I am working on a model that includes several REs and a spline for one of the variables, so I am trying to use gam()
. However, I reach memory exhaust limit error (even when I run it on a cluster with 128GB). This happens even when I run the simplest of models with just one RE. The same models (minus the spline) run smoothly and in just a few seconds (or minutes for the full model) when I use lmer()
instead.
I was wondering if anyone had any idea why the discrepancy between gam()
and lmer()
and any potential solutions.
Here's some code with simulated data and the simplest of models:
library(mgcv)
library(lme4)
set.seed(1234)
person_n <- 38000 # number of people (grouping variable)

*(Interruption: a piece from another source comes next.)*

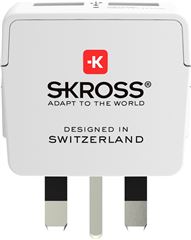 SKROSS cestovný adaptér UK USB do Veľkej Británie, typ G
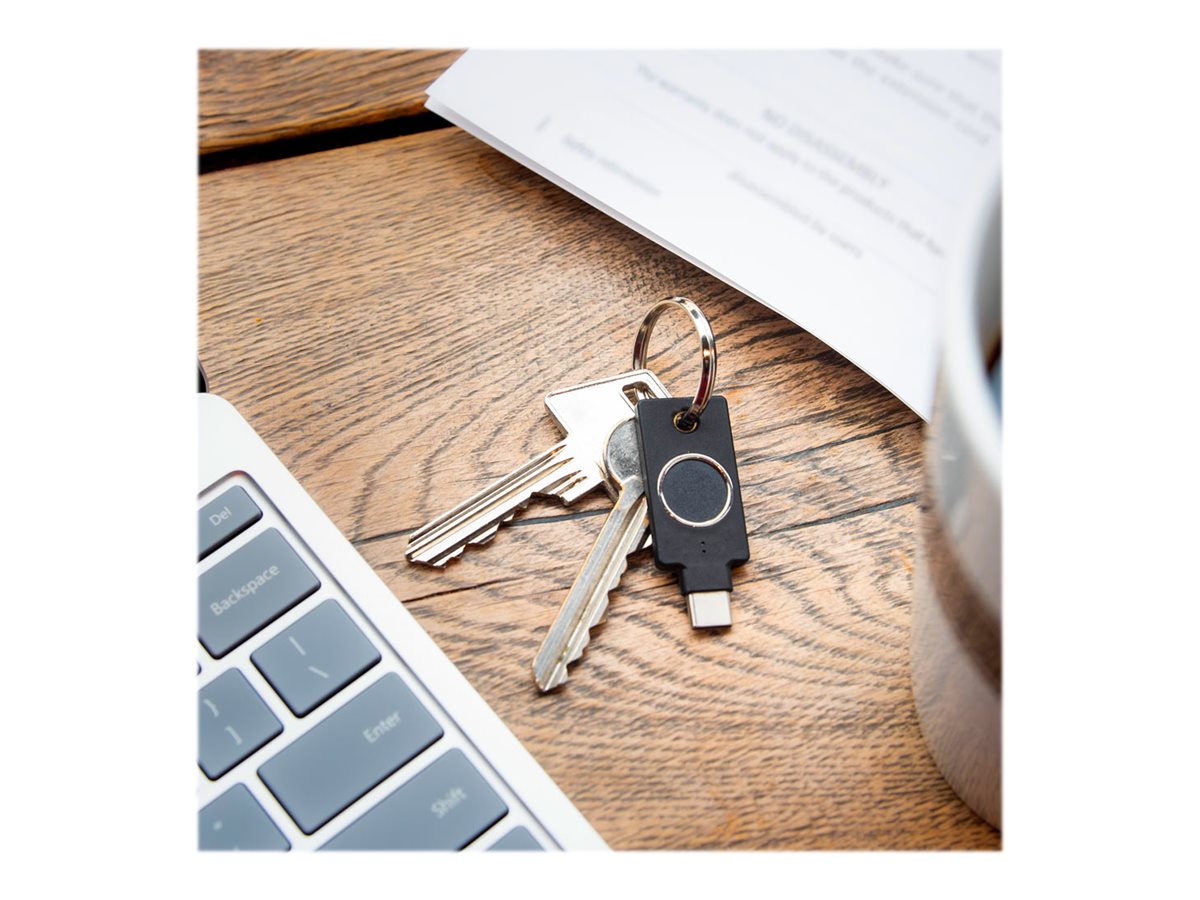Yubico YubiKey C Bio FIDO Edition USB-C Schwarz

n_j <- 15 # number of data points per person
B1 <- 3 # beta for the main predictor
n <- person_n * n_j
person_id <- gl(person_n, k = n_j) #creating the grouping variable
person_RE <- rep(rnorm(person_n), each = n_j) # creating the random errors
x <- rnorm(n) # creating x as a normal dist centered at 0 and sd = 1
error <- rnorm(n)
#putting it all together
y <- B1 * x + person_RE + error
dat <- data.frame(y, person_id, x)
m1 <- lmer(y ~ x + (1 | person_id), data = dat)
g1 <- gam(y ~ x + s(person_id, bs = "re"), method = "REML", data = dat)
m1
runs in just a couple seconds on my computer, whereas g1
hits the error:
Error: vector memory exhausted (limit reached?)